## What this task involves
Taking the entries below, transcribe only the lines starting with the one with "So when you're" and going on through the one with "Today I'm going to show", exactly as written, without the pictures.

--- Data to process Enclosed Below ---

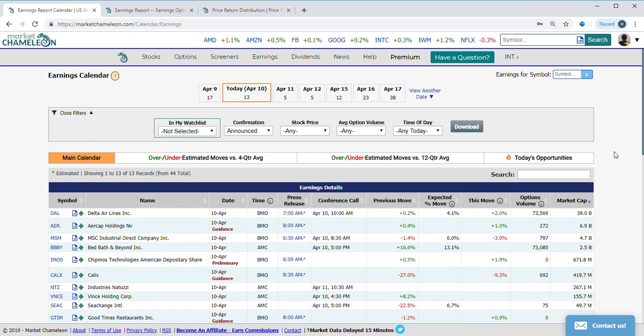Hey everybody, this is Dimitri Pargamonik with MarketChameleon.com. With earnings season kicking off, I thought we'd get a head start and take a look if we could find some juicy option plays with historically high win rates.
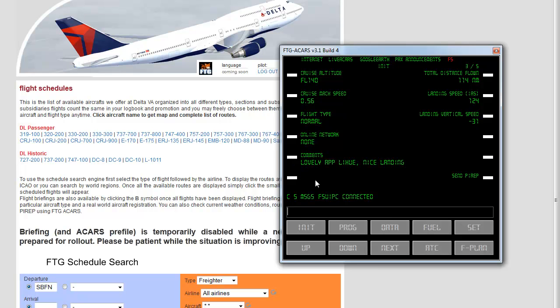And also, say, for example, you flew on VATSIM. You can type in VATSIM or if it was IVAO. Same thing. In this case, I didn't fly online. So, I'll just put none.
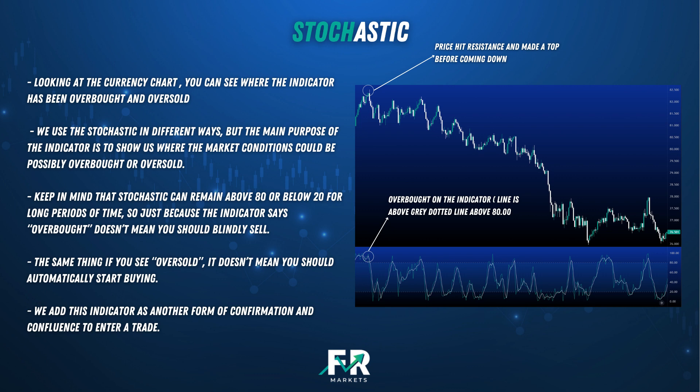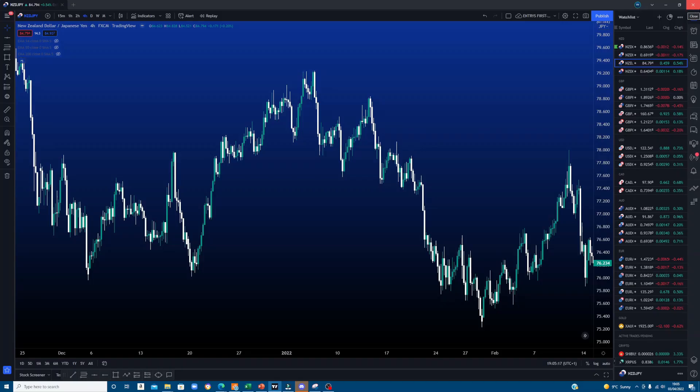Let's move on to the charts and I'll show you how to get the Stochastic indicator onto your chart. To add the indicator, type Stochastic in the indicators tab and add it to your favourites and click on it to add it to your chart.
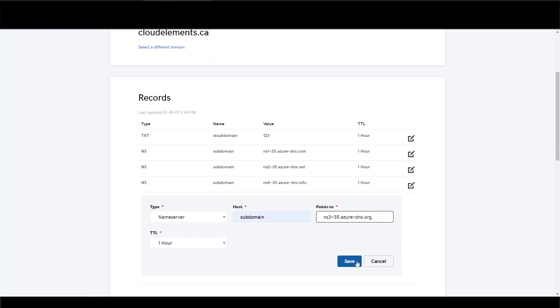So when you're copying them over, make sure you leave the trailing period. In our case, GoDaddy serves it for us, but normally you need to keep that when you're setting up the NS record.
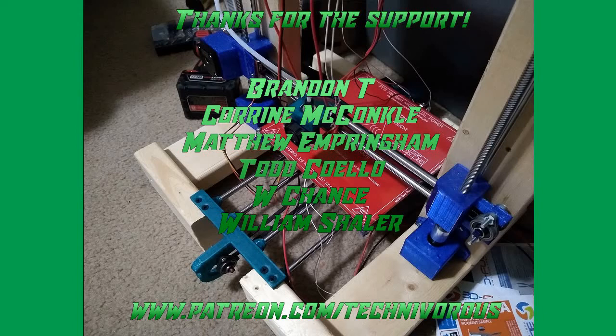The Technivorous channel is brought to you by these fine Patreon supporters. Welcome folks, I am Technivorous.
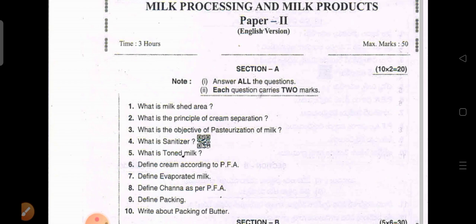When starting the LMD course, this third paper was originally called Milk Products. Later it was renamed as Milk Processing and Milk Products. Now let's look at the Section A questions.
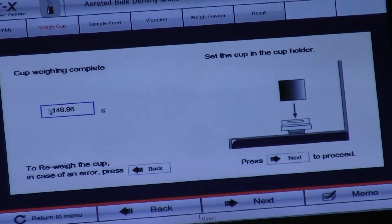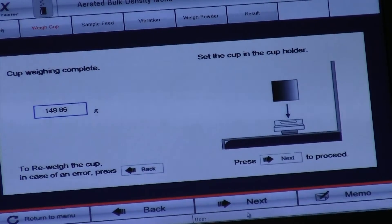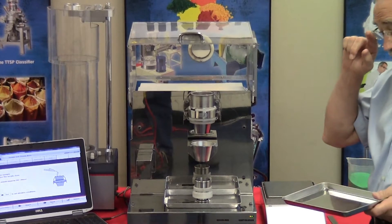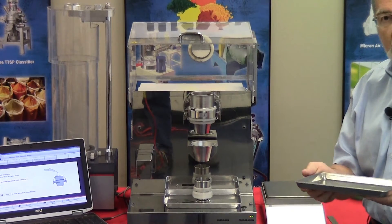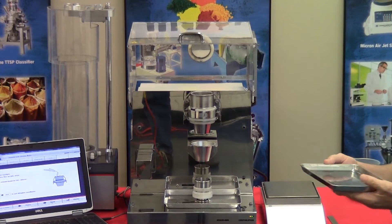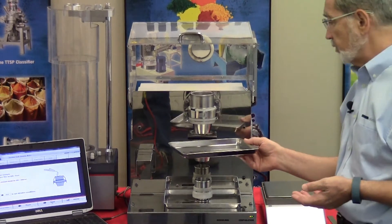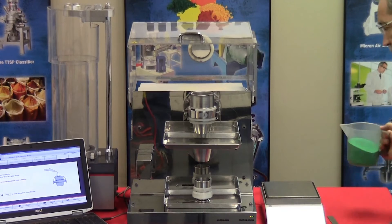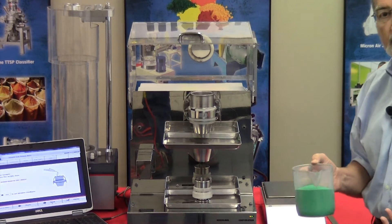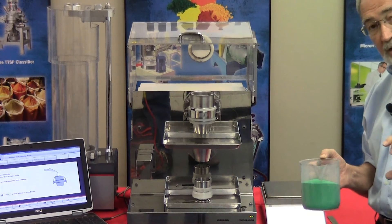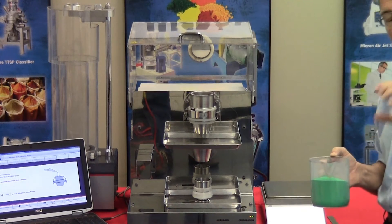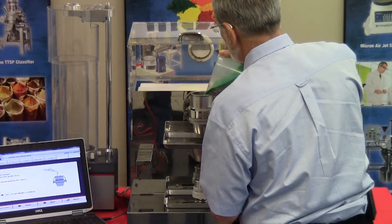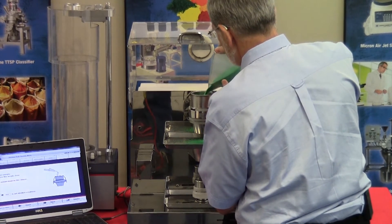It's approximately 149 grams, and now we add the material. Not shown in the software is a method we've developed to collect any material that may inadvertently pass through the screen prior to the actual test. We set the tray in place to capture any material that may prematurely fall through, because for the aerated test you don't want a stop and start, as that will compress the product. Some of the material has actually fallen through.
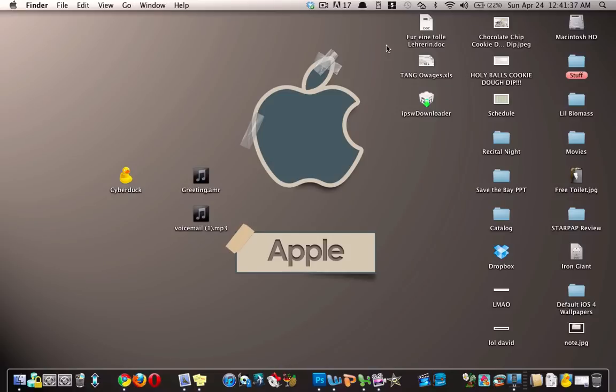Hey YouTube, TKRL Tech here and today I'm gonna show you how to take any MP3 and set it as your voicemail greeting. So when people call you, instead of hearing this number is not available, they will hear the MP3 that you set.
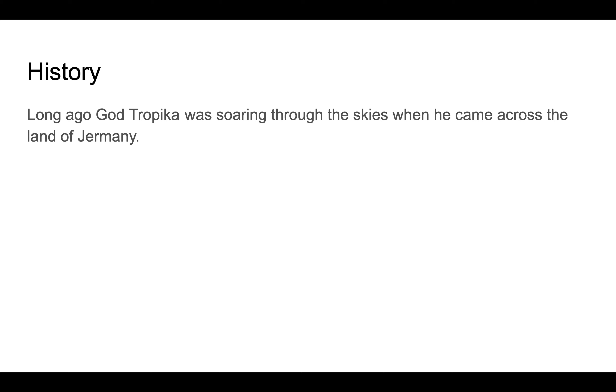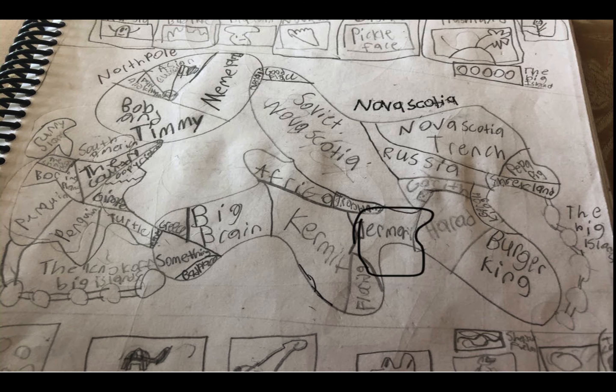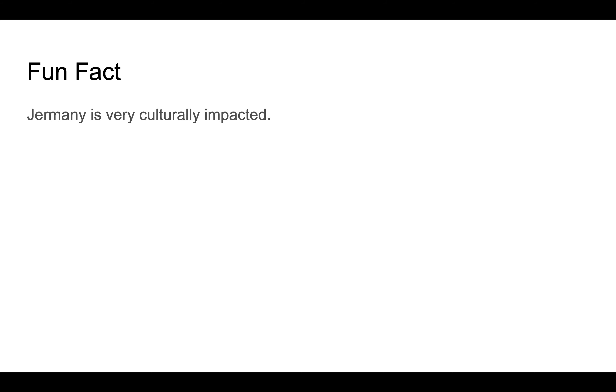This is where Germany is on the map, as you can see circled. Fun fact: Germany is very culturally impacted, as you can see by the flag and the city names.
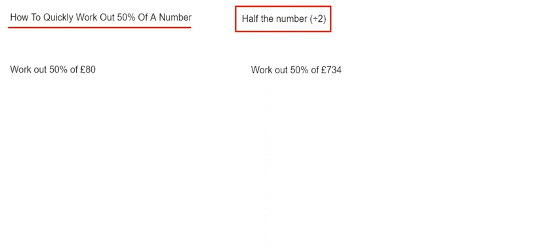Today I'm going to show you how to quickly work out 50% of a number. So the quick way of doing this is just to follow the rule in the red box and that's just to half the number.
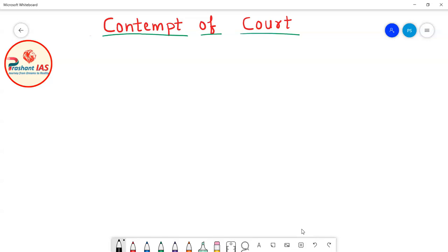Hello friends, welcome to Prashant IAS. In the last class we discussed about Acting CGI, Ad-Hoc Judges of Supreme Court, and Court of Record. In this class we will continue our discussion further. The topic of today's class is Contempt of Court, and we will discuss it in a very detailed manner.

--- End of Enclosed Data to process ---
--- Data to process Enclosed Below ---

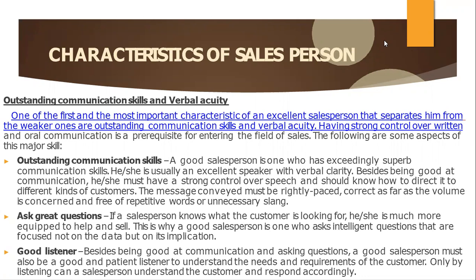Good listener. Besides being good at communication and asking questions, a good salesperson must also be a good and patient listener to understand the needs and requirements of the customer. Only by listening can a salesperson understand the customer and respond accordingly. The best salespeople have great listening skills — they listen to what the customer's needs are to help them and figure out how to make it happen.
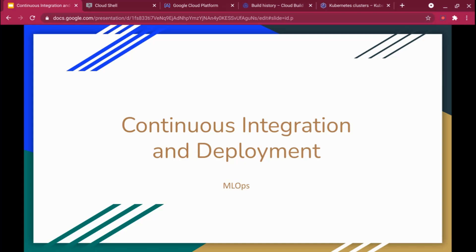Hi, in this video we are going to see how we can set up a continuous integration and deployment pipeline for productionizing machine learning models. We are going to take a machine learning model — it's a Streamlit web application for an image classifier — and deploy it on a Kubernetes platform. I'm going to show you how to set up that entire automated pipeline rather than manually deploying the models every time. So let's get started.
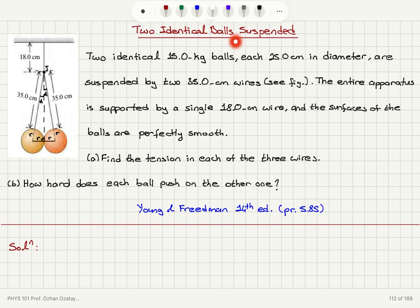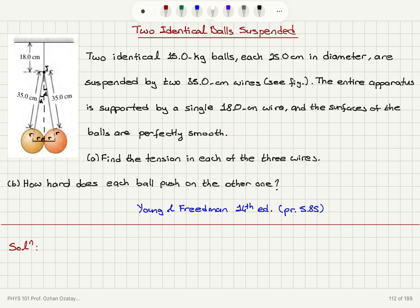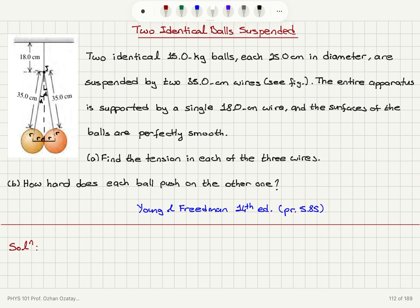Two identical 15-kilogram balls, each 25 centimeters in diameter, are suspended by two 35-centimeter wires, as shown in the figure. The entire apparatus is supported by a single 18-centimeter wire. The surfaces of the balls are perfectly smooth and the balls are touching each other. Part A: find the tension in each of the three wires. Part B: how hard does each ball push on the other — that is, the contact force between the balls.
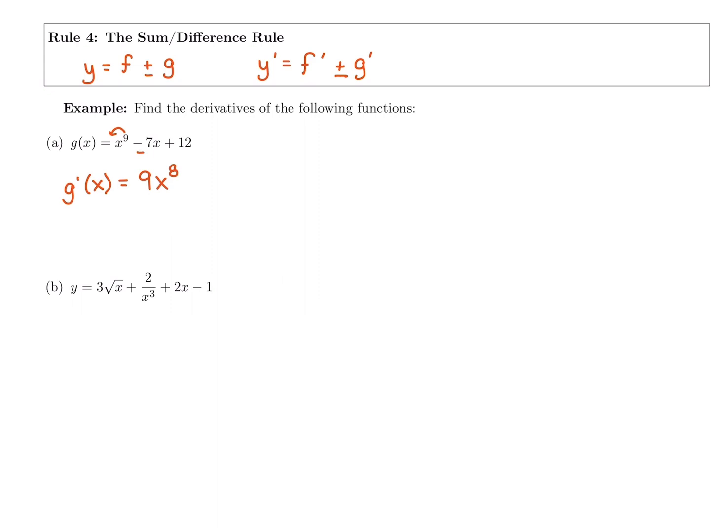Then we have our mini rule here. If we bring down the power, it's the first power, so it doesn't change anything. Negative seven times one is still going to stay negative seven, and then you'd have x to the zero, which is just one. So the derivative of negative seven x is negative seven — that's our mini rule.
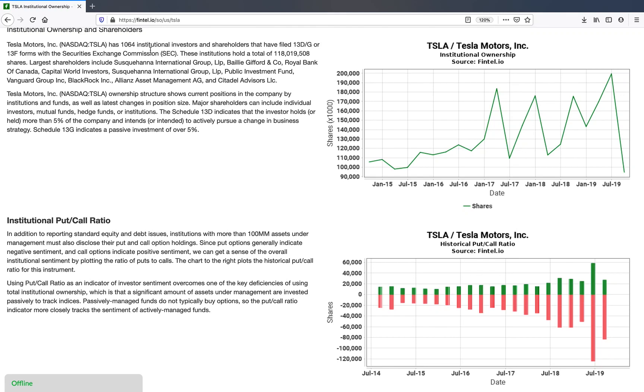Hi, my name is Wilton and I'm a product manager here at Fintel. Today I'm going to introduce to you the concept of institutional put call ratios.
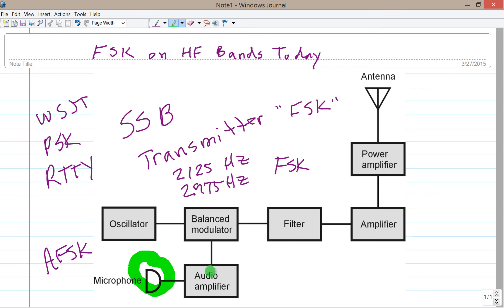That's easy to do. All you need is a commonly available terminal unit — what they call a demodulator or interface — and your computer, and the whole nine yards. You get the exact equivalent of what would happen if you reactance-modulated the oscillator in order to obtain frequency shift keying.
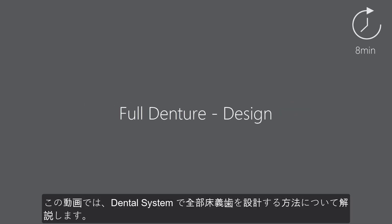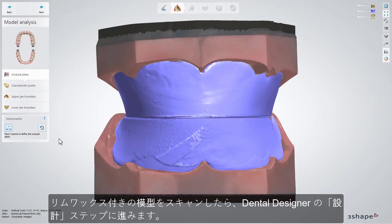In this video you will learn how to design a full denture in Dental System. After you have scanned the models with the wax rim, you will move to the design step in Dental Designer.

--- End of Enclosed Data to process ---

## Finished task
So when you're copying them over, make sure you leave the trailing period. In our case, GoDaddy serves it for us, but normally you need to keep that when you're setting up the NS record.
The Technivorous channel is brought to you by these fine Patreon supporters. Welcome folks, I am Technivorous.
When starting the LMD course, this third paper was originally called Milk Products. Later it was renamed as Milk Processing and Milk Products. Now let's look at the Section A questions.
It's approximately 149 grams, and now we add the material. Not shown in the software is a method we've developed to collect any material that may inadvertently pass through the screen prior to the actual test. We set the tray in place to capture any material that may prematurely fall through, because for the aerated test you don't want a stop and start, as that will compress the product. Some of the material has actually fallen through.
Hey YouTube, TKRL Tech here and today I'm gonna show you how to take any MP3 and set it as your voicemail greeting. So when people call you, instead of hearing this number is not available, they will hear the MP3 that you set.
This is where Germany is on the map, as you can see circled. Fun fact: Germany is very culturally impacted, as you can see by the flag and the city names.
Today I'm going to show you how to quickly work out 50% of a number. So the quick way of doing this is just to follow the rule in the red box and that's just to half the number.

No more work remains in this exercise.